VEINTE
La dama Hermione lo lamenta
—¿Y qué trae a unos nobles tan refinados como vosotros al sur del río, mis señores? —preguntó Gabriella.
Los cuatro jóvenes borrachos que rodeaban a Gabriella rieron. Ulrika, recostada contra una columna en sombras que había cerca, dudaba de que fueran nobles; más bien parecían hijos de comerciantes adinerados, jactándose del dinero de sus padres con ropas llamativas y joyas que los hijos de auténticos nobles desdeñarían por considerarlas de mal gusto. La taberna Boca de Cañón parecía orientada hacia los de su clase. Era una exagerada parodia de la verdadera sordidez de la Jarra y Ariete, con las mismas mesas de caballetes y vigas ennegrecidas, pero con rameras de mejor aspecto, dados y cartas en la habitación de atrás, y matones enormes que se ocupaban de mantener la paz. Un lugar para que acudieran los chicos ricos del otro lado del río, atraídos por la promesa de peligro —aunque no demasiado—, y un poco de traviesa diversión. Aquella noche habían sido atraídos por docenas. Al igual que sucedía en la Jarra y Ariete, ante la barra se apiñaba una multitud de cinco hileras que aturdía con sus risas nerviosas y charlas en voz demasiado alta apretujados en torno al fuego por miedo a la oscuridad.

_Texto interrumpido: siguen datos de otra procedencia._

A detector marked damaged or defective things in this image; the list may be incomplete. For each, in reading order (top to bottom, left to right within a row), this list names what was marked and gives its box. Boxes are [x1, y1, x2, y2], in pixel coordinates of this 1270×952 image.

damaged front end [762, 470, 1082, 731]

—Hemos venido a cazar vampiros —farfulló el más borracho de los hijos de comerciantes, un pelirrojo con cara de luna vestido con jubón y calzones azul cielo—. A sacarlos al sol y mirar cómo se convierten en cenizas.
Gabriella alzó una ceja divertida.
—¿Y habéis atrapado alguno, mis señores?
—No —replicó un chico regordete que iba vestido de terciopelo anaranjado, con el pelo engominado sobre la frente en un elaborado tupé—. Pero vimos arder a muchos. ¡Ése es un buen deporte!

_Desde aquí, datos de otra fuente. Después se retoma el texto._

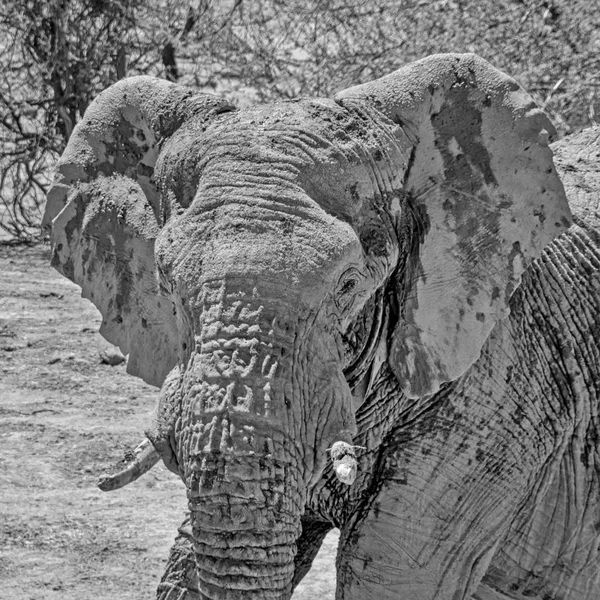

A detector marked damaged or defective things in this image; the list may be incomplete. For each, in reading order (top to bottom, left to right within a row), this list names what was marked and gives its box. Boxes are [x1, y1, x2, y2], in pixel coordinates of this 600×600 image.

broken tusk [97, 438, 161, 490]
broken tusk [328, 440, 360, 488]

—Pero da mucha sed —dijo el tercer muchacho, que parecía ser el cabecilla. Era más bajo que los otros, pero también más apuesto, y tenía un brillo agudo en los ojos—. Y también es excitante.
—Sí —asintió Gabriella al tiempo que le acariciaba el mentón—. No lo dudo. —Deslizó un dedo hacia abajo por el pecho cubierto de terciopelo del joven—. ¿Y qué diríais si yo os dijera que soy un vampiro?
Los chicos volvieron a reír, aún más fuerte.
—¿Tú? —dijo el cuarto, un rubio muchachito menudo y avispado que llevaba un jubón color esmeralda y pendientes—. ¡No estás lo bastante pálida! ¡Ni lo bastante flaca!
Gabriella no apartaba los ojos del apuesto cabecilla. Su dedo bajó aún más.
—Pero ¿y si lo fuera? ¿Me clavaríais vuestra estaca de madera a fuerza de embestidas? ¿Me haríais gritar y convertirme en ceniza?
Los ojos del apuesto mozo se volvieron vidriosos de lujuria, pero los otros se mofaron y lo empujaron.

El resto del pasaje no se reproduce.